-- Opening Marker --

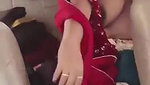 desi aunty dress change in car outdoor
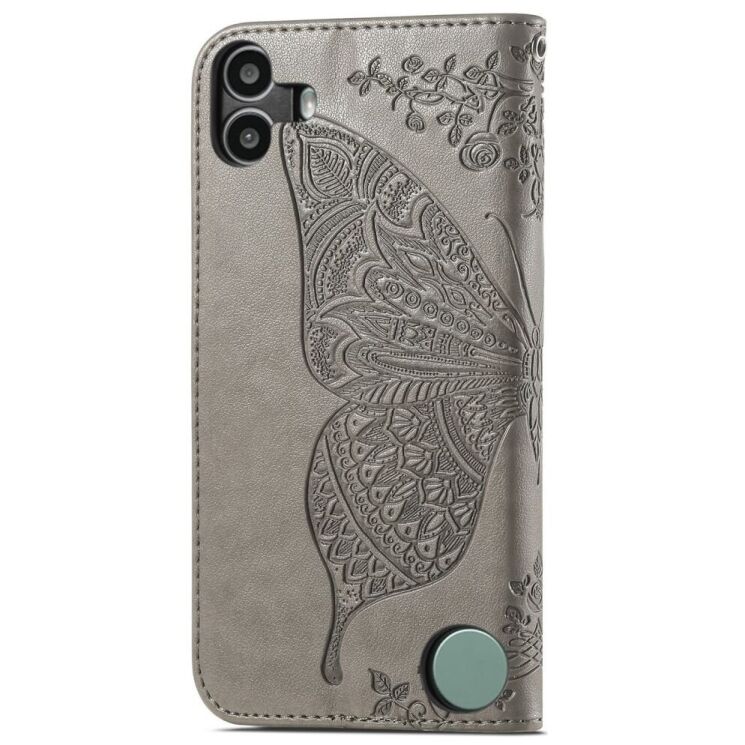 Чехол UniCase Butterfly Pattern для Nothing CMF Phone 1 - Grey: фото 5 из 9
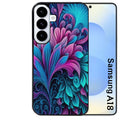 Coque pour Galaxy A08 A18 A28 A38 A58 tropical violet Fleur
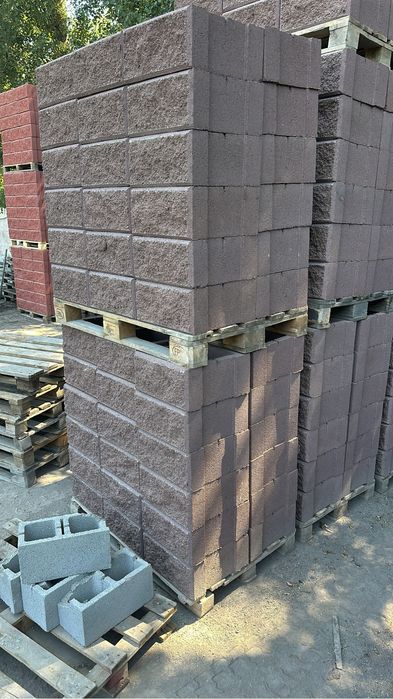 Кирпич рваный, гладкий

-- Closing Marker --

TRY IT => Please restate, word for word, the lines from the one with "Coque pour Galaxy" through the final line of the material, both included, and omit the pictures.

ANSWER FOR THIS EXERCISE =>
 Coque pour Galaxy A08 A18 A28 A38 A58 tropical violet Fleur
 Кирпич рваный, гладкий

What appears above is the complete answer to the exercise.